Affascina fin da subito il contesto delle scene, quella bellissima piazza di Ispica, con il loggiato del Sinatra, già ampiamente sfruttata tra i luoghi di Montalbano. Ispica è la location che Pietro Germi scelse per il suo Divorzio all’italiana (1961), ma vide anche una scena di De Sica nel suo film Il viaggio (1974) e anche dei fratelli Taviani per Kaos (1984). La luminosa piazza di Santa Maria Maggiore, con il suo loggiato, diventa luogo della vivace vita cittadina ottocentesca. Dal passeggio, ai pettegolezzi, agli incontri tra uno spaventato Pippo Genuardi e l’imperturbabile Don Lollò.
Personaggi privi di riscatto
Gli interni sono invece sempre un po’ bui, soprattutto quelli degli uffici, in cui si consumano le tresche ai danni del malcapitato Genuardi, la tragedia ridicola di un uomo ridicolo, senza riscatto, né suo né degli altri personaggi. Tanto che mentre sorridiamo, non possiamo non avvertire che tutti sono, chi più, chi meno, colpevoli. I drammi sono alleggeriti dalla farsa, e pensiamo che Camilleri si sia divertito durante l’adattamento del suo libro, insieme al regista Johnson e a Francesco Bruni.

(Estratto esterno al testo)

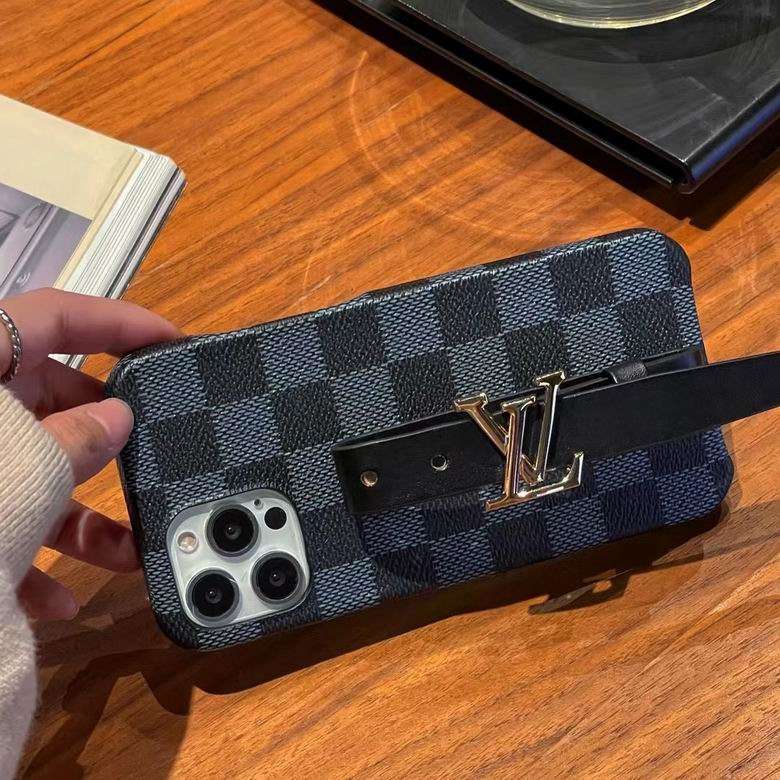 Detailed view of the iPhone case with hand strap showing material and edge finish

Bruni è lo sceneggiatore degli episodi di Montalbano, de Il Giovane Montalbano e di C’era una volta a Vigata. Come regista, ha esordito con Scialla e ora, insieme ad altri autori, aspettava l’uscita a marzo del suo ultimo film. Ironia del destino è intitolato proprio Andrà tutto bene. Niente a che vedere con il virus: una storia comunque di speranza, alla quale facciamo i nostri auguri, che seguiremo volentieri quando uscirà il film e quando noi usciremo da questo brutto, bruttissimo sogno.